Opera House, Stuttgart
July 21, 2018
There may have been none of John Cranko’s choreography on the programme for the gala by the school that bears his name, but it was an evening that certainly reflected Stuttgart Ballet’s mix of contemporary and classical dance.
Former John Cranko School student and Stuttgart Ballet dancer Uwe Scholz, sadly lost early to dance in 2004 when he died following a tragic illness, was always a most musical choreographer, and in Air!, created in 1982, he reproduces the structure of Bach’s Orchestral Suit No.3 in dance for six couples dressed in carefully matched costumes in vanilla, light chocolate and rust.
The choreography is typical Scholz. Always intensely musical, the dancers keep coming, the steps keep flowing. Sometimes it is a little too much, as in the complex second movement, when I seriously question whether two couples dancing around each other, only coming together occasionally, are really needed. Both deserve watching, yet the presence of the other pair actually stops you giving either the full attention they deserve.

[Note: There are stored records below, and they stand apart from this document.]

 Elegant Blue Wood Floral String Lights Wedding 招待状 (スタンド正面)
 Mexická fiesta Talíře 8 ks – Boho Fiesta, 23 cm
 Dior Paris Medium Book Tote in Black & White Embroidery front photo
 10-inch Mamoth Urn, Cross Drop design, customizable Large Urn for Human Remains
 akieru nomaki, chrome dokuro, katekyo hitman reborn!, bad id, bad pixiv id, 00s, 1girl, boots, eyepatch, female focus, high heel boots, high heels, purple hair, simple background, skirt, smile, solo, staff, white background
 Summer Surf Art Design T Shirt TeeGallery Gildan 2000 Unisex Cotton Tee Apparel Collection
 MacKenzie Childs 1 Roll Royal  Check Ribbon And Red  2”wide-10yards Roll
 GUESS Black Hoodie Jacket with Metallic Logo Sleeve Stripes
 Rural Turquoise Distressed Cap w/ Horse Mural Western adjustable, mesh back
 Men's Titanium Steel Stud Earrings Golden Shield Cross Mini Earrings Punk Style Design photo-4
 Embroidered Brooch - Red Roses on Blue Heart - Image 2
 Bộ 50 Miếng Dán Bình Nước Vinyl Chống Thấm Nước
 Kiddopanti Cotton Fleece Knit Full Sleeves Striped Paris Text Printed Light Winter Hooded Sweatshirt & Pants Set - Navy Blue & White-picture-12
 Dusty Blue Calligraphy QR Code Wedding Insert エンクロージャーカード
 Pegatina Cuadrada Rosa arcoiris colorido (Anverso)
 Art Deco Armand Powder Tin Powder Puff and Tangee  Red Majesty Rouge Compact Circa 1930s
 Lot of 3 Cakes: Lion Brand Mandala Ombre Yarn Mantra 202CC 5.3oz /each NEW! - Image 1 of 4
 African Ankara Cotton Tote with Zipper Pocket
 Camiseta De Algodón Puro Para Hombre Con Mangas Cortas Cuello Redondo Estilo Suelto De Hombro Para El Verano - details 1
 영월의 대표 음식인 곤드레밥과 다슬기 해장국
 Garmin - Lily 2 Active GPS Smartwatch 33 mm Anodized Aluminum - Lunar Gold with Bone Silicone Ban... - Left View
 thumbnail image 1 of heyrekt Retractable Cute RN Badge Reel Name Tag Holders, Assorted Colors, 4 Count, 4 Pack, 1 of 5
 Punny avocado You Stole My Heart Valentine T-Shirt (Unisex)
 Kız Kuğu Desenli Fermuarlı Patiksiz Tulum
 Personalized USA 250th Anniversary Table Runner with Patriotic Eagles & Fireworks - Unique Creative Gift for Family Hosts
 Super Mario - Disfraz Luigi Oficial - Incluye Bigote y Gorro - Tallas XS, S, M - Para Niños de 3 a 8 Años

It’s all hugely enjoyable, though, as is the following movement, which opens with a sort of conversation in movement between the four men before they are joined by four women. Things turn a little jokey as the former show off then stand cross legged, arms folded, while the women respond.
It was very noticeable how tall and strong the male students looked, and how excellent their partnering was, compared to their UK school counterparts. The influence of former teacher, Petr Pestov and his methods clearly lives on.
The dancers, drawn from the school’s top two years gave it all the energy and accuracy it needed. It was particularly taken by Nao Harada, who danced with a huge smile and who really seemed to be enjoying every moment. That sort of thing does transmit to the audience. Chiri Matsunaga also impressed.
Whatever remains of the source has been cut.